EXERCISE:
Beginning with the line that includes "Sinai - New York" and ending with the last line, print the records exactly, leaving every picture out.
═════ DATASET CONTENT
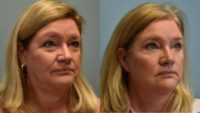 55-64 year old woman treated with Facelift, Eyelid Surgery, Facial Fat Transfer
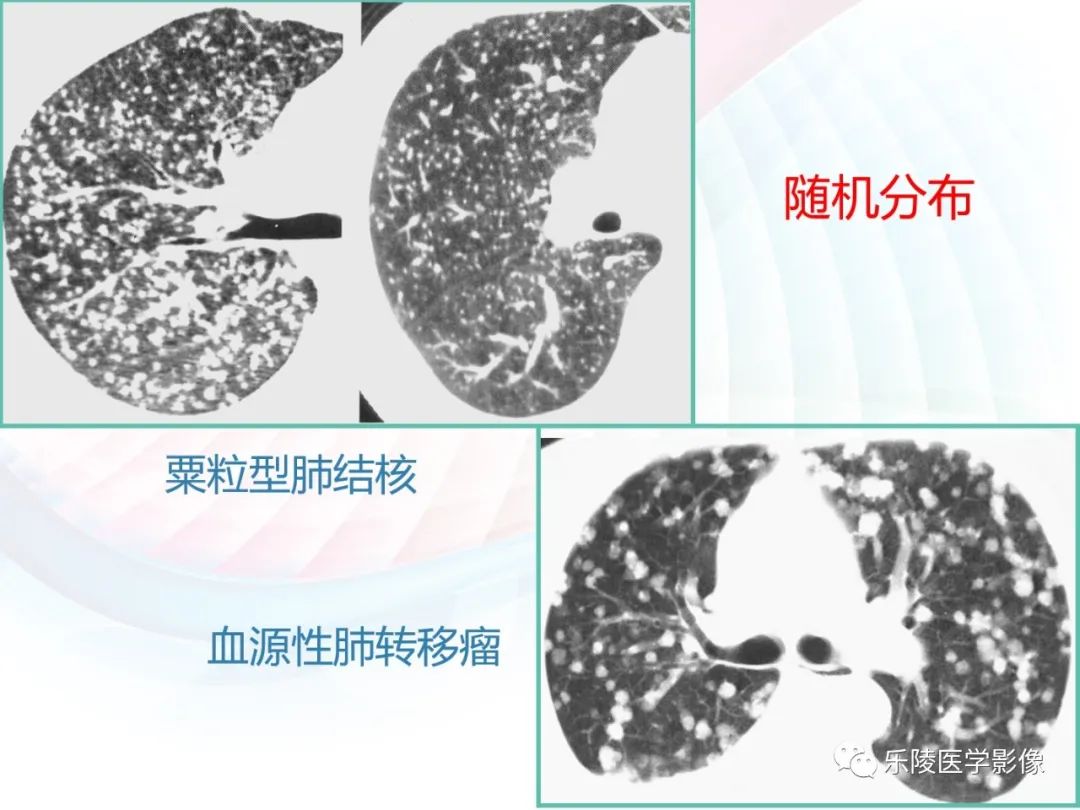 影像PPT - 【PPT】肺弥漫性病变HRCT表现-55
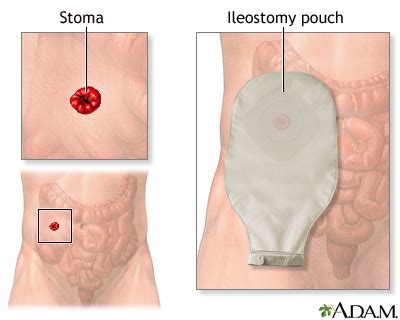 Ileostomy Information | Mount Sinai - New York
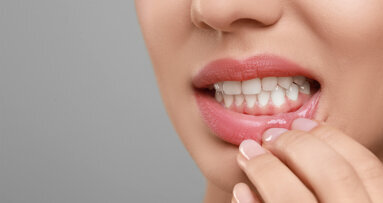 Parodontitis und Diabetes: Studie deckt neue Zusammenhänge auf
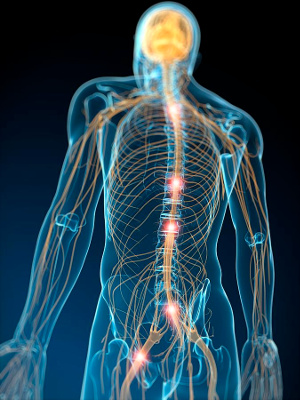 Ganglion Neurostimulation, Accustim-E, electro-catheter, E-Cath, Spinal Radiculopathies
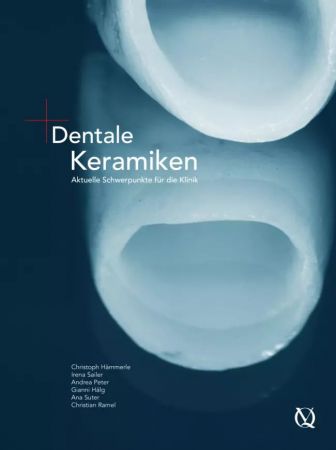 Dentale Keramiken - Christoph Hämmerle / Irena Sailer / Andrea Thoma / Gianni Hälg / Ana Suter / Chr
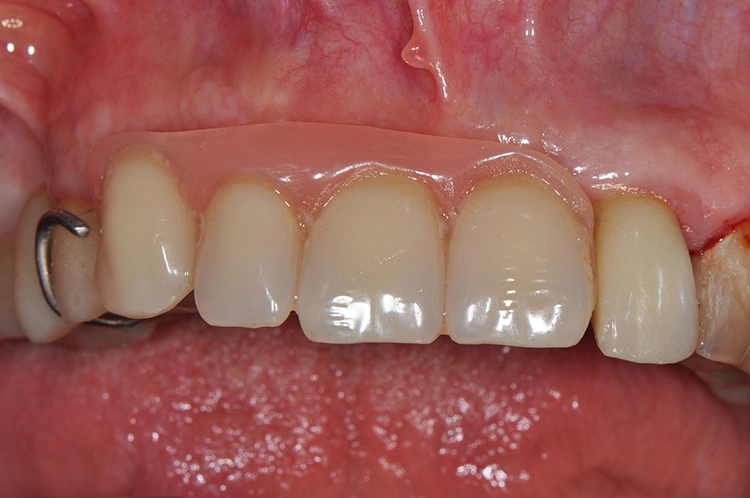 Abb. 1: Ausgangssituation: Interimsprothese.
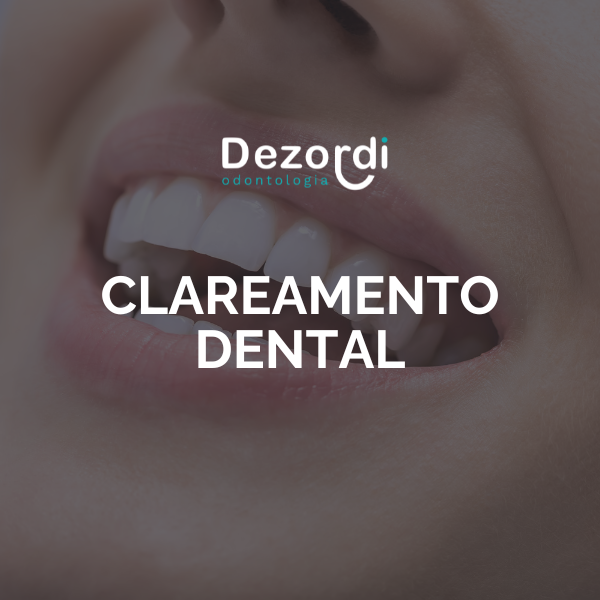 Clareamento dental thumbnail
══════════
SOLUTION TO THE PROBLEM:
 Ileostomy Information | Mount Sinai - New York
 Parodontitis und Diabetes: Studie deckt neue Zusammenhänge auf
 Ganglion Neurostimulation, Accustim-E, electro-catheter, E-Cath, Spinal Radiculopathies
 Dentale Keramiken - Christoph Hämmerle / Irena Sailer / Andrea Thoma / Gianni Hälg / Ana Suter / Chr
 Abb. 1: Ausgangssituation: Interimsprothese.
 Clareamento dental thumbnail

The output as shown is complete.